Hi, thanks for the reply. I need to brush up on my acronyms...what is shb? There was indeed a ton of slime, perhaps you are right about that. And, the only bit of honey was up in the third super in the middle and none on the side frames, so I bet you are right about the space as well. This will be our first winter, so I will reach out to a local guy that I know as well as the man from whom we got the bees. We are in Charlotte NC so our winters are moderate.


----------



## Eikel (Mar 12, 2014)

small hive beetle (shb) The shb make the frames a sticky, slimy mess; the wax moths make them look like Halloween.

During fall and winter the colony size and numbers reduce, I try to shrink the hives to minimize unused space. My understanding of the Russians is they overwinter very conservatively.

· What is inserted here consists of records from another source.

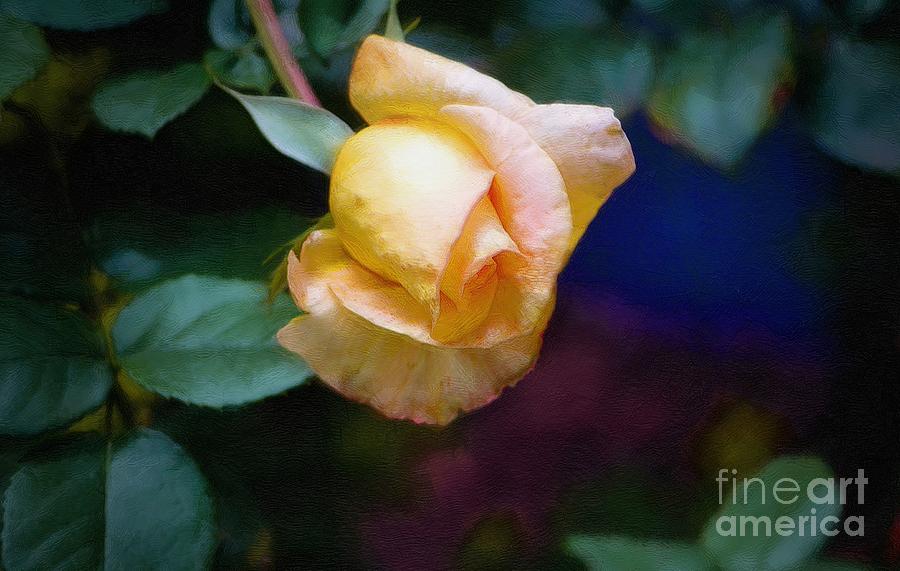 Moonlit Summer Rose Photograph by John  Kolenberg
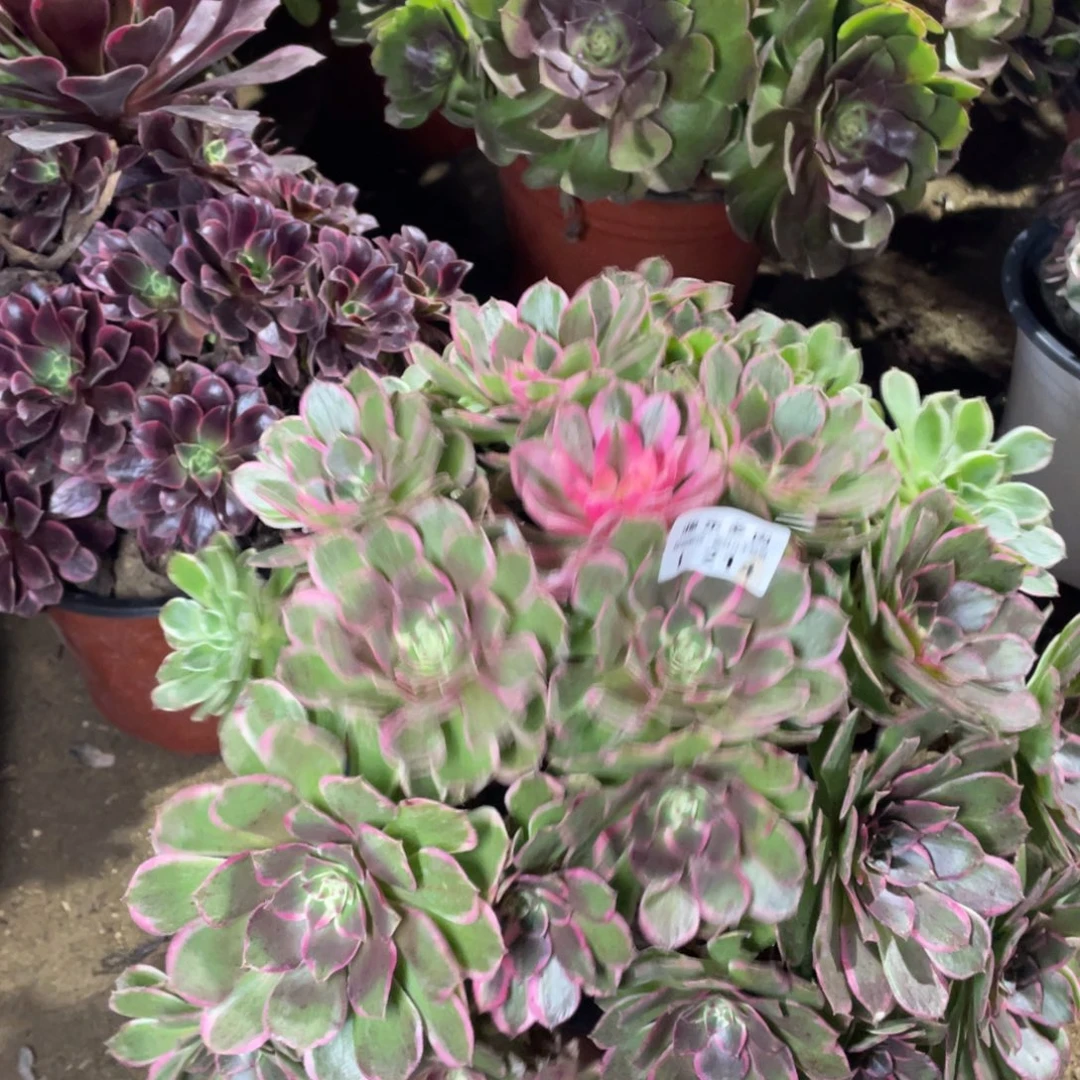 214万紫多肉法师断枝不包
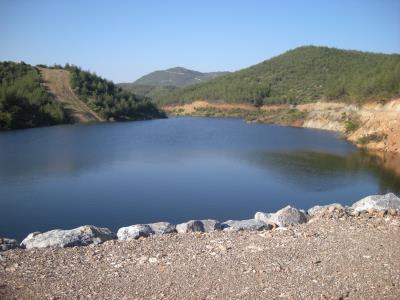 Haber Detay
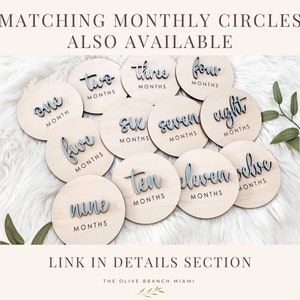 A collection of twelve wooden monthly milestone circles. Each circle is light-colored with a light blue raised font indicating the month. The text "Matching Monthly Circles Also Available" is at the top, with "Link in Details Section" at the bottom.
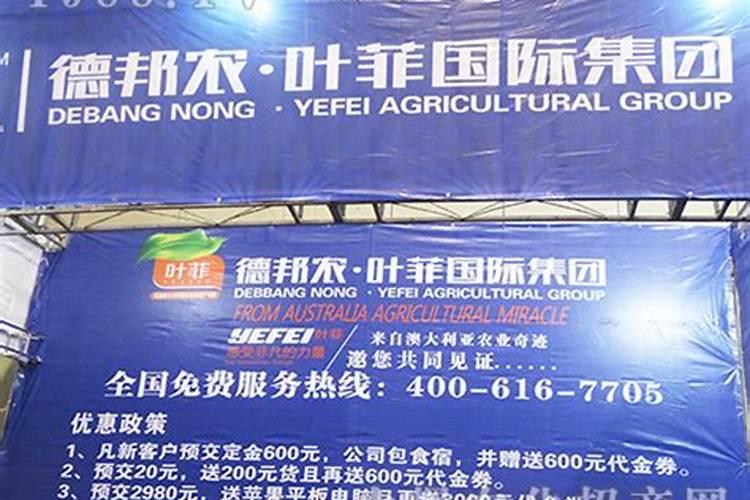 叶菲集团是干啥的公司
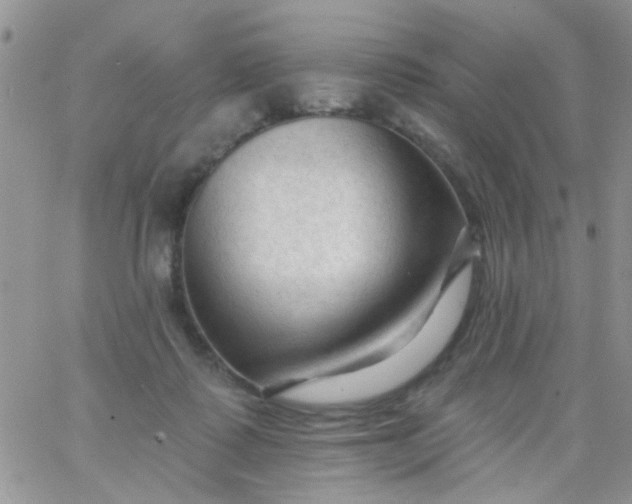 X0000065970315200603172056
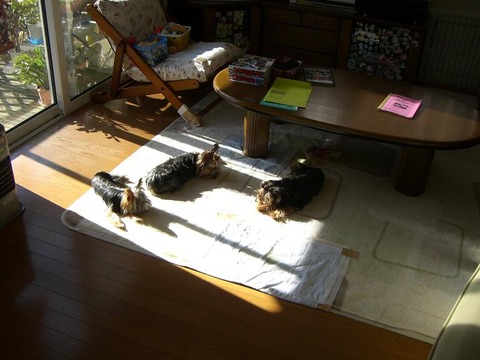20101121a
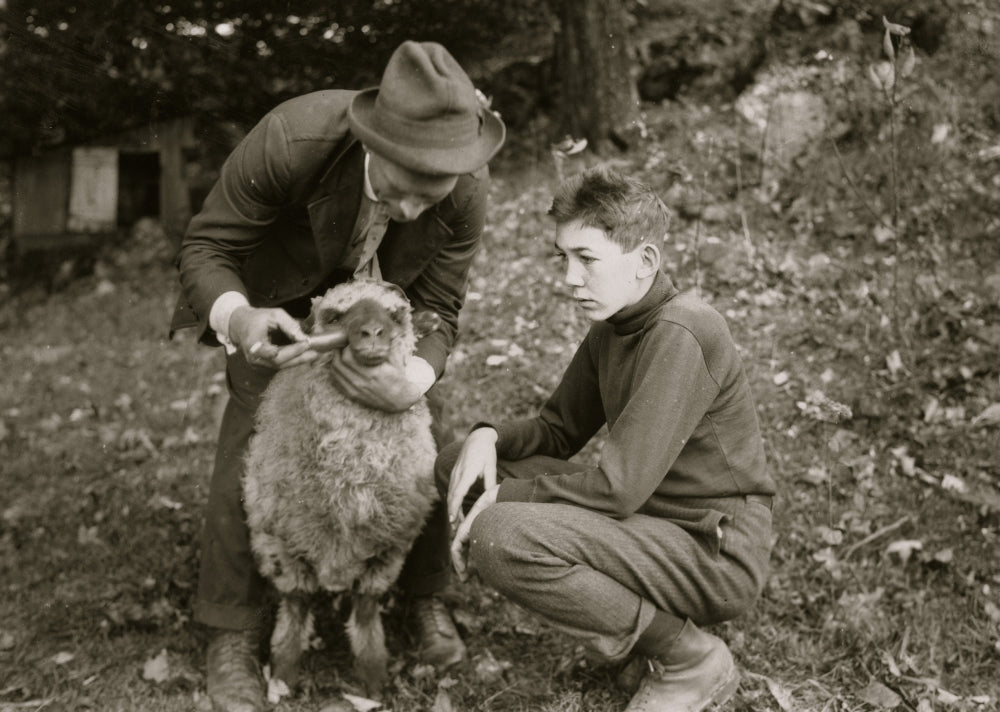 Forest Kellison 4-H Club member treating sheep for parasites poster print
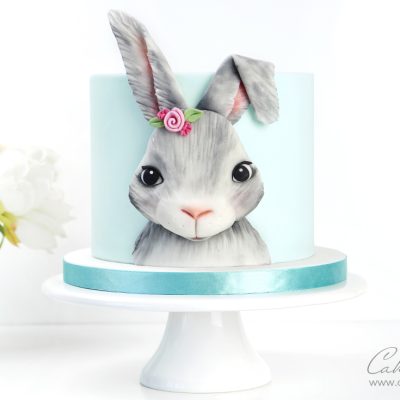 Bunny Rabbit Cake Tutorial 2
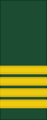 Canadian Army (sleeves) OF-5
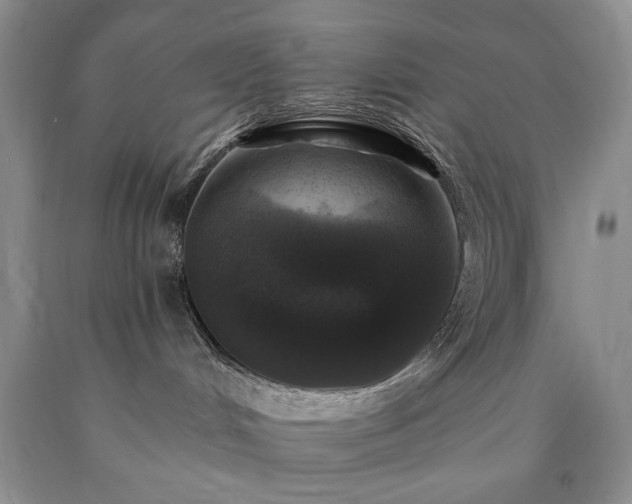 X0000090440048200707201302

The bees will clean up the damaged frames but I try to not hit them with too many at one time or any that are totally "really ugly babies." I wouldn't try to get any cleaning done this year, store the frames and give them back during spring build up. Recommend you at least rough clean what you can off the frames before putting them in a trash bag and freezing for 24-48 hours (freezing kills the eggs/larvae, the trash bag is to prevent any transfer from the frames). Once you remove the frames let them warm to room temp to avoid condensation issues before sealing them in a trash bag for storage. 
Since you have moderate winters I'd also use the freeze and similarly store for any frames you remove from the hive due the potential of eggs in the wax and/or cracks. You can keep the frames in a box for ease of storage but you have to ensure there are no live eggs or larvae anywhere in the box and shb are notorious for laying eggs in cracks and crevices. (ideally you freeze the box too)

Your local guy is a great resource to see how he overwinters.


----------



## justinf (May 28, 2017)

Ah yes, we have had a few hive beetles here and there but not even close to the problem from the moth larvae. What do you think about moving some frames of brood/honey from the active hive to the weak one? I understand that before moving brood we need to locate the queen in the weak hive.


----------



## Eikel (Mar 12, 2014)

I reread your first post, wax moths don't kill bees. What else did you find that can explain what killed the bees? Do you see any deformed wings? How did the open brood look, anything other than pearly white is a concern? Do you check for mites and/or treat?

Equalizing hives is an option but if there is something significantly wrong it could potentially be something close to a lost cause at this time of year. Not saying it is, just need to dig deeper to understand the cause of the dead bees.


----------